Turning now to FIG. 18, the process 1800 for mixing sounds (or multiple audio inputs) using an audio queue pipeline is illustrated. The audio queue contains a list of all audio currently scheduled to be played to the speakers on the computing device currently being used by a user of the system. First, initialization of the sound mixer (step 1805) takes place to create base objects, set up variables, and perform memory initialization of the sound mixer. Once the sound mixer has initialized, the main loop of the sound mixer starts. Typically, the main loop of the sound mixer is initiated based off of a scheduled call by the sound pipeline of the device being used by a user of the system. iOS is an example in which a call to the main loop of the sound mixer is made at specific intervals, as the sound system of iOS is in need of buffers to be filled. With other technologies in which there is only a single programming thread to perform all tasks on the device, such as Flash®, a call to the sound mixer may occur from the master thread, which calls other unrelated methods in a loop as well, to do processing. It is important to note that the primary loop pauses, in preferred embodiments, to give the central processor (CPU) of the device time to do other tasks and/or to increase battery life on devices that are not provided with electrical power from a plugged-in continuous source. In multi-threaded environments, many portions of the sound mixer may have to be aware of thread synchronization issues. An example where synchronization must be maintained is the audio queue pipeline itself, since one or more threads could be adding items into the audio queue pipeline. At the same time, the sound mixer is removing from the queue. Of course, synchronization is not necessary for single threaded environments.

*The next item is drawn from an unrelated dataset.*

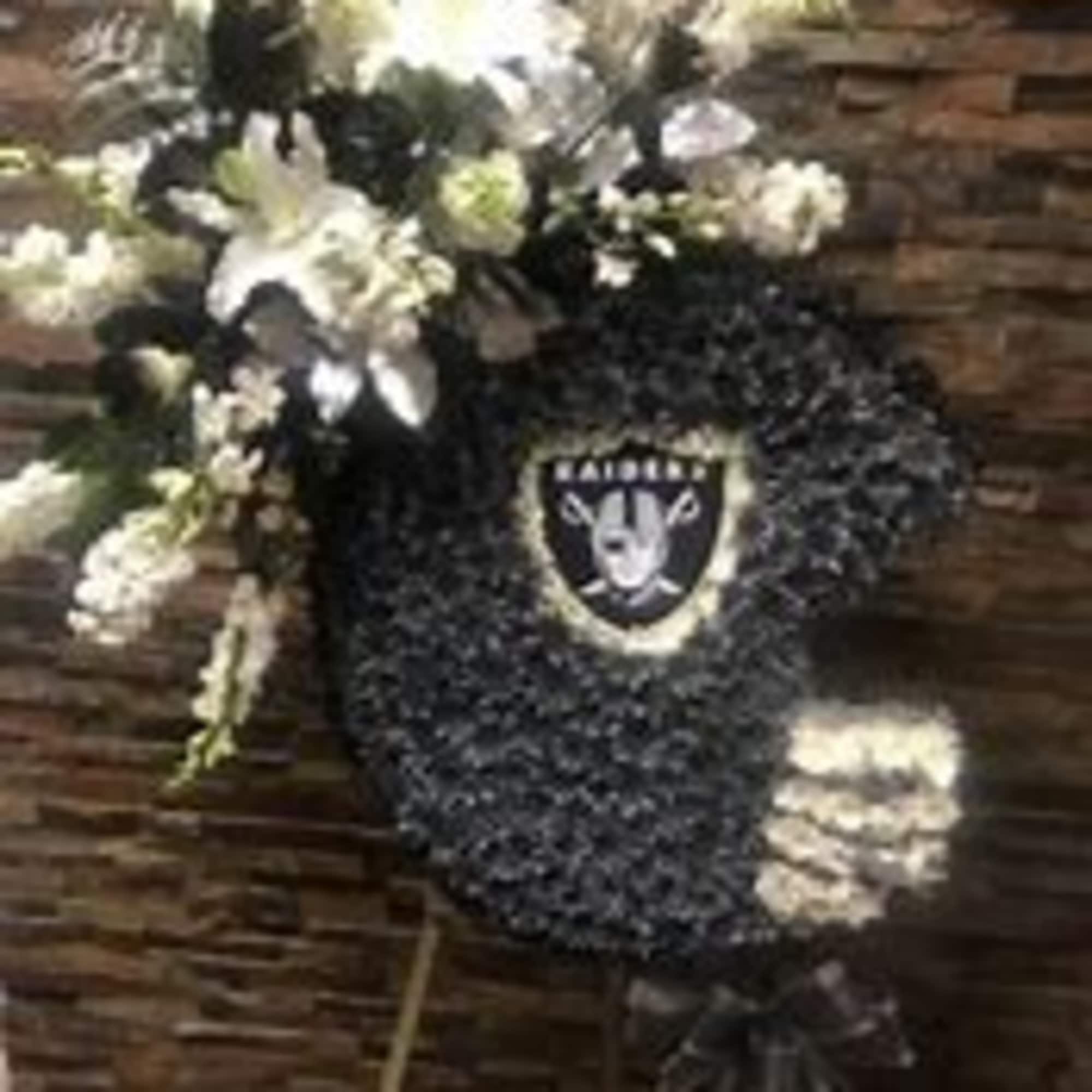 Black floral wreath with white flowers and a Raiders emblem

The first step of the sound mixer loop is to determine whether the sound mixer is shutting down (as determined at step 1810). If not, then the system determines (at step 1815) whether it is time for a new buffer of audio to be sent to the audio output of the user's device. In some embodiments, like iOS, where the sound mixer is called by a call-back method, this check (at step 1815) is not necessary and is skipped, since the call-back is only called when it is time to send audio to the output device, and in that case, the system inherently recognizes that it is time for a new buffer of audio to be sent to the audio output of the user's device. If it is not time for a new buffer of audio to be sent to the audio output of the user's device (as determined at step 1815) or if the sound mixer is shutting down (as determined at step 1810), then the sound mixer performs any operations necessary to shut down the sound mixer, such as deallocation, memory resets, and general clean up (step 1875).

Initialization of the buffer, objects, variables, and memory occur for the current output sample (at step 1820). Additionally, an iterator is set to the beginning of the audio queue, such that the entire audio queue may be looped through on subsequent steps. At this point, deviation for specific implementations of this technology and algorithm does not occur until the buffer has been sent to the actual output device driver (at step 1870, described hereinafter).

After initialization of the buffer, objects, variables, and memory occur for the current output sample (at step 1820), a determination is then made (at step 1825) to see if there are any items left to iterate through in the audio queue. In the special case in which the audio queue is completely empty, the determination made at step 1825 is assumed to be negative (no) and the system proceeds to step 1865 for post processing of the output (described hereinafter). Under the normal flow, the determination made at step 1825 is negative (no) after the last item in the audio queue is processed and the system proceeds to step 1865 for post processing of the output (described hereinafter).

When all items in the audio queue have been processed, any post processing of output occurs (at step 1865) and then the buffer is sent to the audio output driver (step 1870). Depending on the software and hardware of the user's device, the object and implementation of methods vary for the specifics of sending the buffer to the output device driver. Once the buffer is sent to the output driver, the process 1800 returns back to step 1810 to check again whether the sound mixer is shutting down.

If there are more audio items left in the audio queue, as determined at step 1825, then the system grabs the next item in the audio queue for processing (step 1830). A check is then performed to determine if the audio sample is currently playing (determination at step 1835). If the answer at step 1835 is negative (no), then a further check is performed (determination at step 1840) to see if the start time has come to pass. If the sample is not supposed to start playing yet, the determination at step 1840 is negative (no) and the process returns back to step 1830.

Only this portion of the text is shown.